La società incasella fin dai primi anni di vita i maschi e le femmine in due universi differenti, dall’assegnazione del colore – rispettivamente blu e rosa – ai comportamenti da tenere. I primi devono crescere forti, determinati, tenaci e robusti. Le seconde devono essere altruiste, gentili, generose e accudenti. «La soluzione si trova nei dati. Le donne, che non sono una minoranza a livello numerico, non sono educate alla virilità, per questo hanno statisticamente comportamenti più pacifici e in linea con la società basata sui diritti in cui viviamo. Bisogna educare le femmine come i maschi. Questo non significa banalmente insegnare loro a mettersi lo smalto, anche se possono farlo, ma cercare di trasmettere un’educazione più attenta verso il prossimo», dice Bersani Franceschetti.

Nel Neuropsychiatrie de l’enfance et de l’adolescence, giornale della Société française de psychiatrie de l’enfant et de l’adolescent citato nel libro si sottolinea come di norma «i genitori hanno più contatti fisici con le bambine, incitandole a sorridere e a vocalizzare, mentre stimolano più fisicamente i maschi.
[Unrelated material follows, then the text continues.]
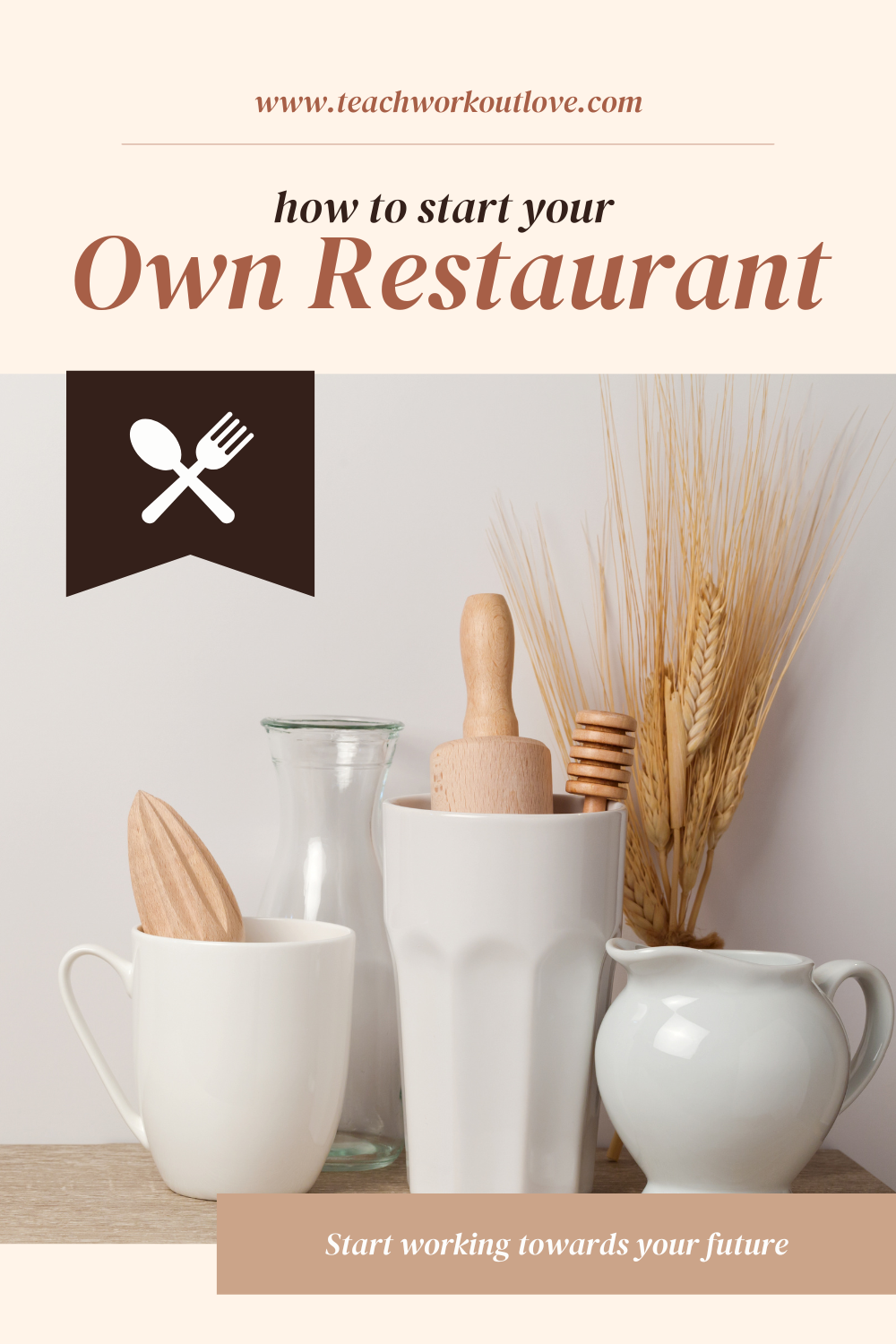 If you are a true food lover and you have always wanted to run your own business, then the obvious solution is to start your own restaurant. Here's some tips.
Le femmine sviluppano così più capacità a comprendere ed esprimere emozioni, a interagire con gli altri. Mentre i maschi migliorano le loro capacità motorie e fisiche».

 

IL RUOLO DELLA SCUOLA

Proprio perché la motivazione alla base risiede nell’educazione questi atteggiamenti stereotipati si possono arginare agendo sulla scuola. L’istituzione scolastica, per come è strutturata oggi in Italia, è «il luogo dove si imparano e si perpetuano le differenze di comportamento tra i sessi», si legge nel libro. La scuola rappresenta il punto di partenza per lavorare sul costo della virilità perché «entrare in casa delle famiglie e agire direttamente sugli insegnamenti trasmessi è più complicato», dice Bersani Franceschetti. «Dovrebbe essere messa in atto una sensibilizzazione degli insegnanti. Anche loro, come i genitori, hanno interiorizzato pregiudizi maschili e femminili e li ripropongono inconsapevolmente».

A una sensibilizzazione dei docenti, dovrebbe seguire la creazione di corsi come quelli che si tengono nel nord Europa dagli anni 2000 e in Francia dall’anno scorso, «sono insegnamenti focalizzati sull’empatia, che hanno lo scopo di sensibilizzare e far capire a studenti e studentesse come si vive correttamente in una società civile».

L’educazione attraversa tutti gli aspetti della quotidianità, anche quelli che sembrano più marginali: dalla scuola ai programmi che si vedono in televisione, passando per il lavoro di cura e i giocattoli che si usano fin dall’infanzia.
Non sono elementi trascurabili, ma incidono direttamente sul livello di benessere delle persone perché in una società in cui i comportamenti violenti non sono indagati con il giusto peso, sia gli uomini che le donne, diventano vittime della trappola della virilità. Ed è per questo che chiunque può giocare un ruolo fondamentale nello scardinare gli atteggiamenti che incasellano le donne e gli uomini in due scatole differenti. «Mettiamo fine insieme alla virilità perversa che violenta, picchia, uccide e schiaccia», scrivono Bersani Franceschetti e Peytavin in conclusione al libro. «Il costo della virilità non è una fatalità».